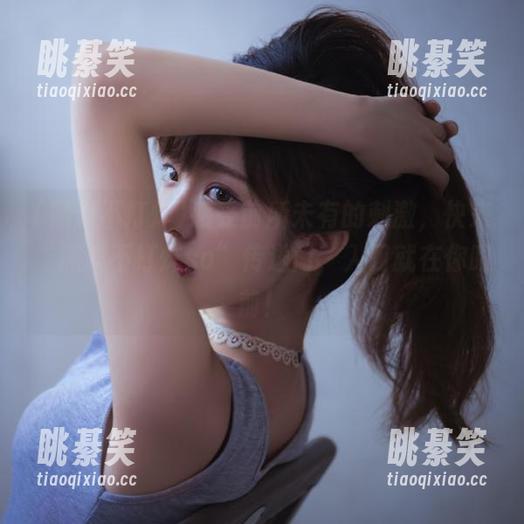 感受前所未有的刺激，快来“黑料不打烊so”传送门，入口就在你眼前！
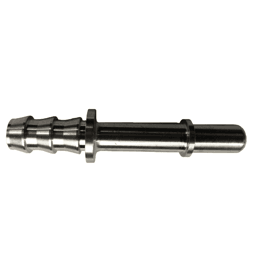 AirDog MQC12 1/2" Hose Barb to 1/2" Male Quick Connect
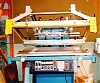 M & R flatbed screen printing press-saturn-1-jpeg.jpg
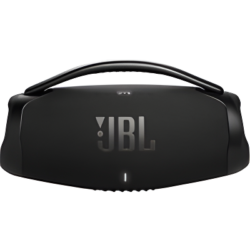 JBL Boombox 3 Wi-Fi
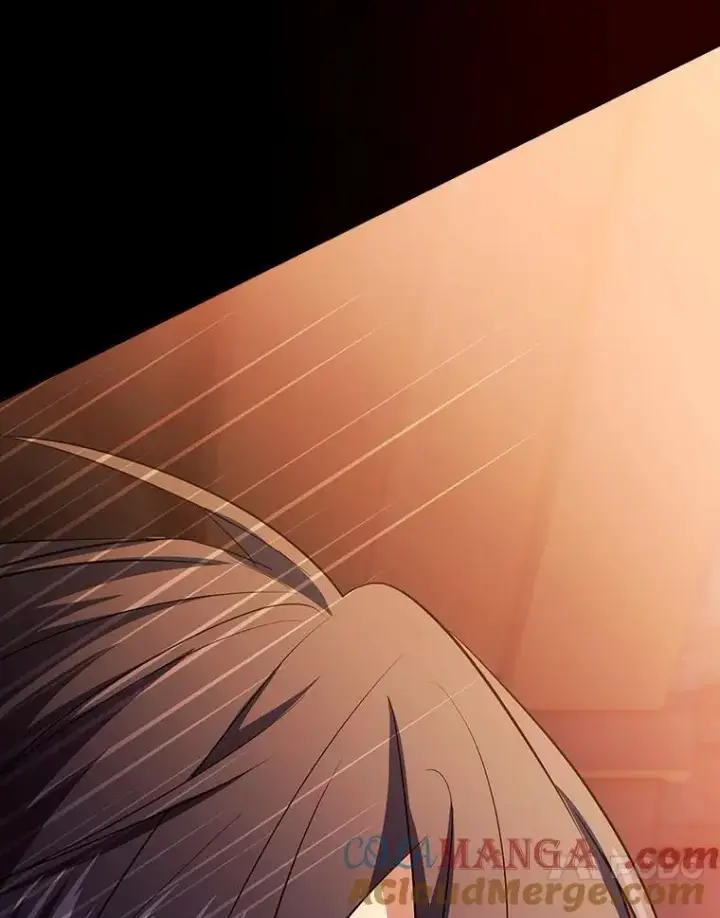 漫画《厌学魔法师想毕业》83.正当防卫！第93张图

· · · ·

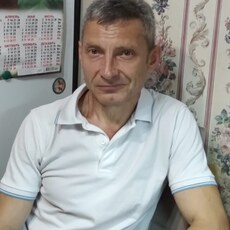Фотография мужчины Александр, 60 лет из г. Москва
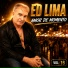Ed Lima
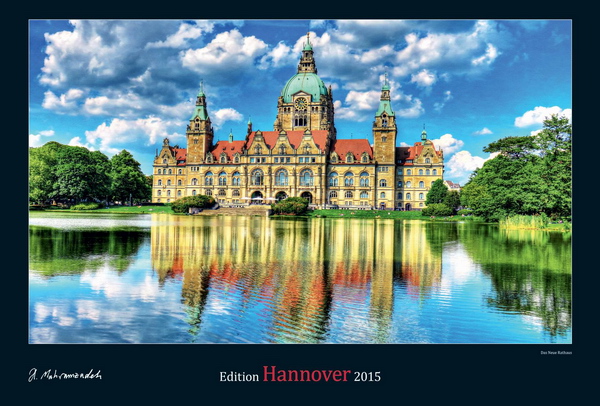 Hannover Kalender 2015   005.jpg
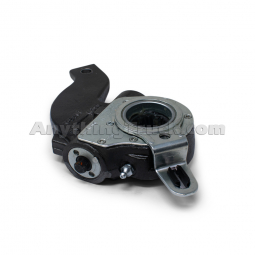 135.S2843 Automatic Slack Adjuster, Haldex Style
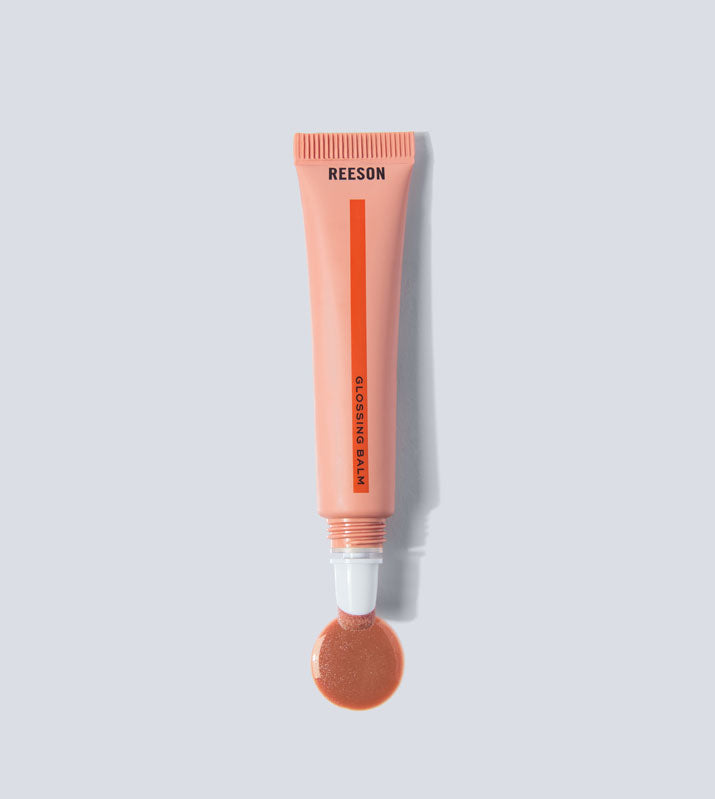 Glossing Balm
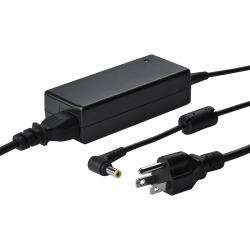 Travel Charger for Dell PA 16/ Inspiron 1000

· · · ·

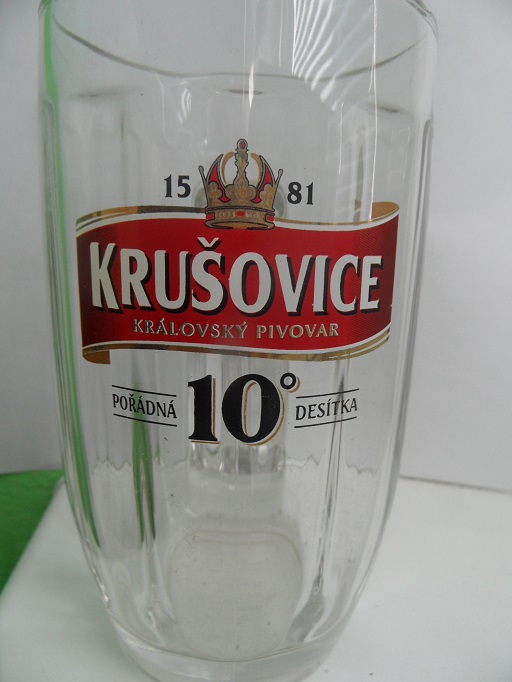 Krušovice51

· · · ·

Task statement
Repeat exactly the stretch of the listing above that starts with the line holding "M & R flatbed" and finishes with the line holding "漫画《厌学魔法师想毕业》83.正当防卫！第93张图", both included. Skip every picture.

Response to this task
 M & R flatbed screen printing press-saturn-1-jpeg.jpg
 JBL Boombox 3 Wi-Fi
 漫画《厌学魔法师想毕业》83.正当防卫！第93张图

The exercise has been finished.